直系先祖の戸籍請求が拒否される?
直系の先祖が出ているのにも関わらず、戸籍請求を拒否される場合もあります。先祖と自分との関係を戸籍上証明できない可能性が、ほんの僅かでもあるときには、請求を拒否されることがあります。
「先祖と自分との関係を戸籍上証明できない可能性が、ほんの僅かでもある場合」とは、どのようなものか具体的に説明してみましょう。
具体例から考えてみる
明治19年式戸籍に以下のような記載があったとします。
戸主:岡本七左衛門
妻:よし
こちらの夫妻がみなさんの直系先祖にあたると考えてみてください。
妻:よしの欄には、以下のような記載があったとします。
「明治20年7月4日○○郡烏山村 中村太郎長女入籍」
こうした場合であれば、烏山村の中村太郎の戸籍を見れば、「長女:よし」という記載があるはずです。
「旧姓中村よし」及び、その父である「中村太郎」は、自分の直系の先祖にあたるので、中村家の戸籍を閲覧するのに問題はありません。
明治19年式戸籍作成以前に、除籍している場合
しかし、以下の場合ではどうでしょうか。
「明治18年7月4日○○郡烏山村 中村太郎長女入籍」
こうした場合だと、烏山村の中村太郎の戸籍を見ても、「長女:よし」という記載はありません。
なぜでしょうか?
「よし」は婚姻によって、明治19年式戸籍が作成される前に、中村家の戸籍から出ているからです。
「中村太郎の長女・よし」が自分の直系先祖であるというのであれば、当然「中村太郎」も直系先祖になります。
しかし、「中村太郎」の戸籍に「長女・よし」という記載がないのであれば、自分と中村太郎との関係を戸籍によって証明することにはならないと判断されてしまう場合があるのです。
もちろん、中村太郎は、まぎれもなく直系先祖にあたります。
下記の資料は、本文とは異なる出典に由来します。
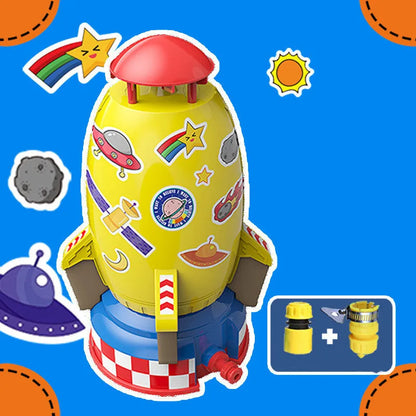 Outdoor water pressure rocket launcher toy for children's garden play with plastic construction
当然、戸籍の請求権があるはずです。
役所によって対応が異なる
こうした場合は、役所の戸籍担当者によって大きく対応が異なってきます。
すんなり、戸籍を出してくれる場合もあります。
あるいは、何かしらの質問してくる場合もあります。
例えば、中村太郎の妻の名前とか、中村家の古い番地とかを質問してくるのです。
それに答えられれば、戸籍の請求を受けいれるといった具合です。
そのようなことを質問することで、本当に子孫であるかどうかを探ってくるのです。
戸籍請求を早めにする理由
直系の先祖の戸籍であっても、このように出し渋るケースが増えております。
墓地の調査や先祖伝来の家系図によって、先祖と自分とのつながりが明らかであっても、戸籍請求を拒否されることもあります。
これは、不合理としか言いようがありません。
確かに、戸籍の保存期間延長で、当面は戸籍の廃棄はされなくなりました。
しかし、このような理由をつけて戸籍請求を受け付けないケースは、今後も増えてくるものと思われます。おそらく、益々ひどくなるでしょう。
こういったこともあるので、戸籍調査は早めにしておいたほうが良いと思います。